I see that you remove the DPQS from myDoc class, and also the needed functions to operate the list. This changed routine (and missing from your last example, but is in mine in post 21) uses three swap routines. One for two items, one for three and one for four items. We can change the comparisons expressions and the swap routines with dummy routines that hold only a raiseevent command and we can make the realy good and fast DPQS sorting routine versatile. Using an array for index is not always a good idea (you have to lock the data), but for these examples are often a good choice.
As for fatty code in myDoc class: This class is used here for the need of a document editor. Some day me or any of my small students (I teach children how to use software) can make a better code using a class.
So it is nice to do a "competition" with you Olaf...this is a Greek way to "good fight", or as we can say "Ευ αγωνίζεσθαι".
George
Code:
Const NORM_IGNORECASE As Long = &H1 'Ignore case.
Const NORM_IGNOREKANATYPE As Long = &H40 'Do not differentiate between Hiragana and Katakana characters. Corresponding Hiragana and Katakana characters compare as equal.
Const NORM_IGNORENONSPACE As Long = &H2 'Ignore nonspacing characters.
Const NORM_IGNORESYMBOLS As Long = &H4 'Ignore symbols.
Const NORM_IGNOREWIDTH As Long = &H8 'Do not differentiate between a single-byte character and the same character as a double-byte character.
Const SORT_STRINGSORT As Long = &H1000 'Treat punctuation the same as symbols.

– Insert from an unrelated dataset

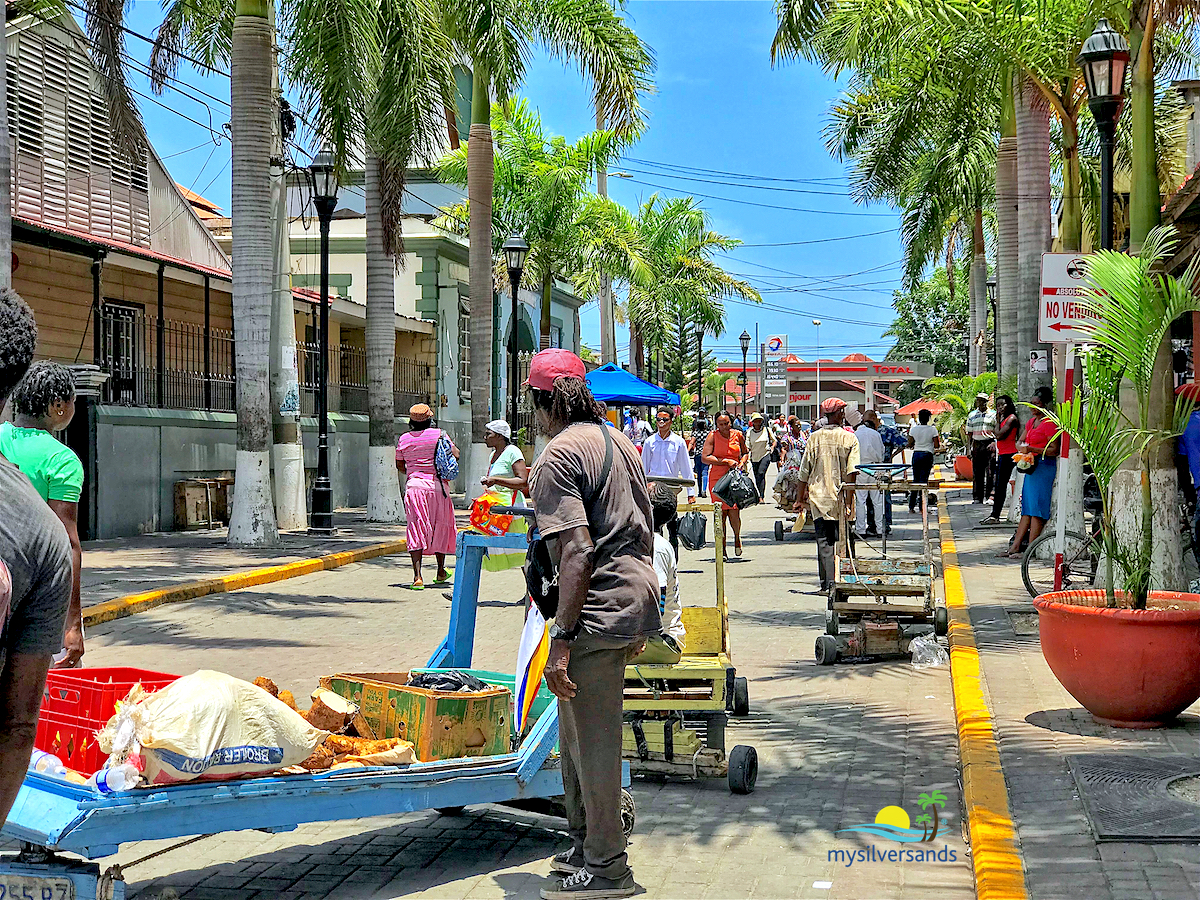 Falmouth Sightseeing Tour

Declare Function CompareStringW Lib "kernel32.dll" ( _
ByVal Locale As Long, _
ByVal dwCmpFlags As Long, _
ByVal lpString1 As Long, _
ByVal cchCount1 As Long, _
ByVal lpString2 As Long, _
ByVal cchCount2 As Long) As Long
Public Function myCompEq(a$, b$) As Long
dim clid ' leave it zero
myCompEq = CompareStringW(cLid, 0, StrPtr(a$), -1, StrPtr(b$), -1)
End Function
Ok - I'm just way too busy these days and I've wanted to add a sort to your code and see how it performs. Just no time to do it...
Since you mention you have students I'll post the sort code and if you all think it's worthy include it in your timings.
I believe this is a Shell Sort (could be wrong - I've had it in my "tool box" since 1980 - back when I coded BASIC on PDP-11 minicomputers).
With that said, it has GOTO statements. First challenge would be to get this code into the realm of proper conditional statements.
I just copied it from a C++ routine of mine. Second challenge is to get it into a VB6-ish syntax. Shouldn't be that hard - it's a simple series of logic.
Don't get overwhelmed by the key compare code. It's just a -1,0,1 value for <, = or >. And it's got a hack for keeping the list stable - not really needed.
And it's not actually moving the data when sorting, it's creating a POINTER array that is in sorted order. Also, not really needed.
Code:
int s1 = nKeywordskt;
int s2 = s1;
int s3 = 0, s4 = 0, s5 = 0, s6 = 0;
int a = 0;
GP_SP_S1:
s1 = s1 / 2;
if (s1 == 0) {
goto GP_SP_S5;
}
s3 = s2 - s1;
s4 = 1;
GP_SP_S2:
s5 = s4;
GP_SP_S3:
s6 = s5 + s1;
a = mxstrcmp(strSearch, smarkerskt[sortptrs[s5-1]], emarkerskt[sortptrs[s5-1]], smarkerskt[sortptrs[s6-1]], emarkerskt[sortptrs[s6-1]]);
if (a == 0) {
if (sortptrs[s5-1] < sortptrs[s6-1]) {
a = -1;
} else {
a = 1;
}
}
if (a <= 0) {
goto GP_SP_S4;
}
j = sortptrs[s5-1];
sortptrs[s5-1] = sortptrs[s6-1];
sortptrs[s6-1] = j;
s5 = s5 - s1;
if (s5 >= 1) {
goto GP_SP_S3;
}
GP_SP_S4:
s4 = s4 + 1;
if (s4 > s3) {
goto GP_SP_S1;
}
goto GP_SP_S2;
GP_SP_S5:
s1 = 0; // dummy line
*** Read the sticky in the DB forum about how to get your question answered quickly!! ***
Please remember to rate posts! Rate any post you find helpful - even in old threads! Use the link to the left - "Rate this Post".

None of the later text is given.